= Your assignment =
Within the data that follows, set down exactly the lines from the one containing "طريقة مد نقطة" through the one containing "DryDent Parotid", both ends included.

= Excerpted data =
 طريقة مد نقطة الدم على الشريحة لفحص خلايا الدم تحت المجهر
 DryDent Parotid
* * *
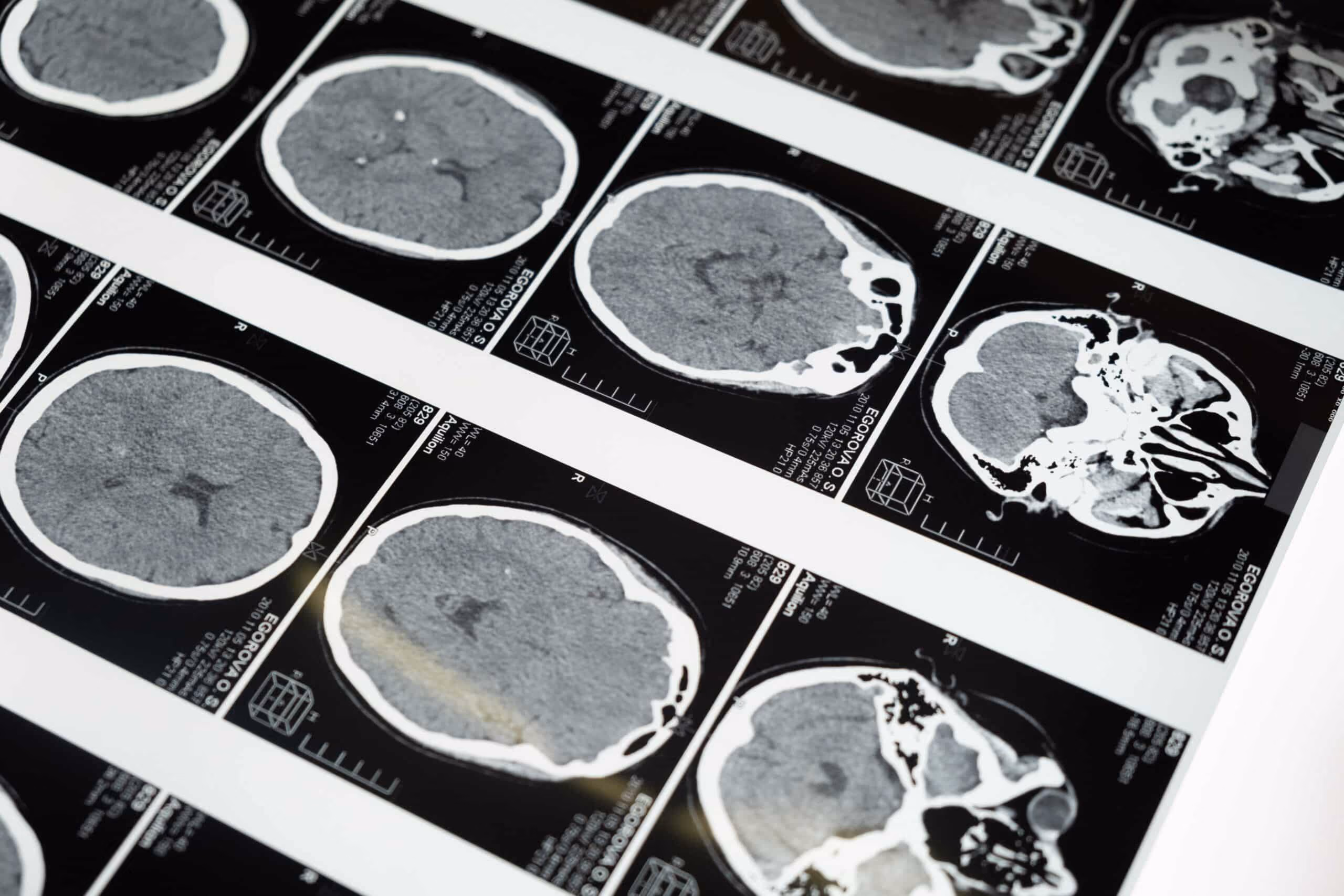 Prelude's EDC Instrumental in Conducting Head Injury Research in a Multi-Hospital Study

= Result of the exercise =
 طريقة مد نقطة الدم على الشريحة لفحص خلايا الدم تحت المجهر
 DryDent Parotid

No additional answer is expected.